# Favorite Tarmac of all time



## pvflyer (Oct 15, 2009)

Lets have a poll . Which is your favorite TARMAC of all time? 

My, favorite one and the one I would really like to have is the 2009 SL-2 SAXO BANK, but I'd like the Bettini's version too not as much as the SAXO though.


----------



## j-man (Sep 3, 2009)

*sl3 super light*

i pretty much have my favorite tarmac ( tarmac sl3 my avatar) but i would like mine to look like this:thumbsup:


----------



## mjdwyer23 (Mar 18, 2009)

I like mine! 

This one is hawt too:


----------



## nocondorfx (Oct 22, 2005)




----------



## Tinea Pedis (Aug 14, 2009)

The Saxo Bank certainly is VERY nice.

I'd love an Astana one, funnily enough...

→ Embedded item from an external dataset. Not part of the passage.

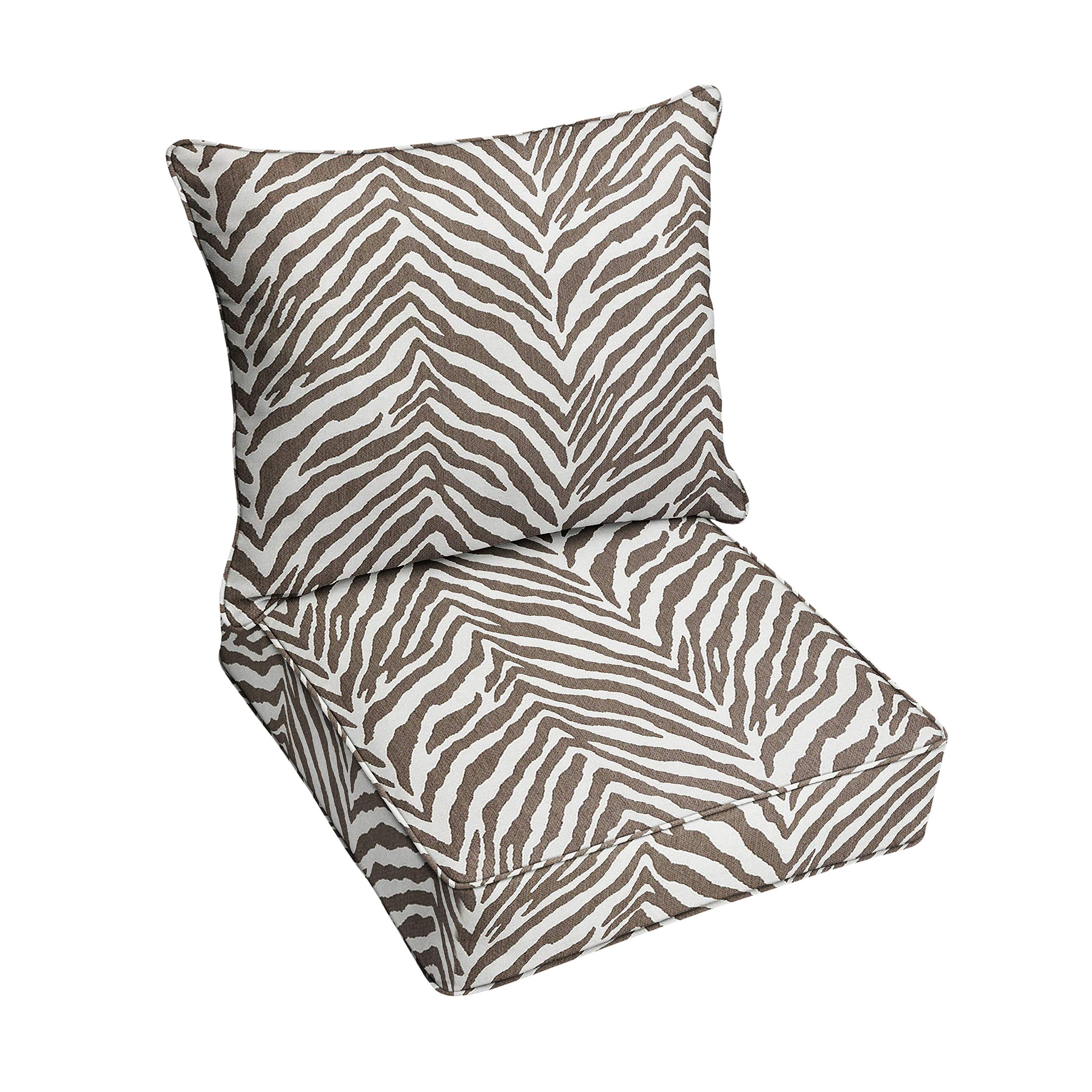 Sorra Home AMZ577021SC 25x25x5 Inch Indoor Outdoor Decorative Throw Pillow Cushion Set - Soft Grey for Sofa, Patio, Garden & Living Room Decor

Oh and Fabu's maillot jaune Tarmac was ace too!


----------



## biobanker (Jun 11, 2009)

Cancellera stole my bike!!


----------



## PaulRivers (Sep 11, 2006)

The 2008 Specialized Tarmac Elite had one of my favorite paint jobs -


















I've seen better pictures of it, but couldn't find them offhand.

I didn't buy it because I preferred the ride of higher end models...but it sure was pretty. 

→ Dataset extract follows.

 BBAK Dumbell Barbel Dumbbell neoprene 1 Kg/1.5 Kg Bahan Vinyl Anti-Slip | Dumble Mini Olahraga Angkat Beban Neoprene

Incidentally, the next model up (the Expert) was one of my least favorite color schemes. This photo doesn't quite do it justice to what I saw in person -









So much red, white, and blue...felt like I would need cape and shield every time I rode it around, lol. Yes, yes, it's a bit of an exaggeration, but when a bike costs $3k you start to become a little oversensitive to how it looks.


----------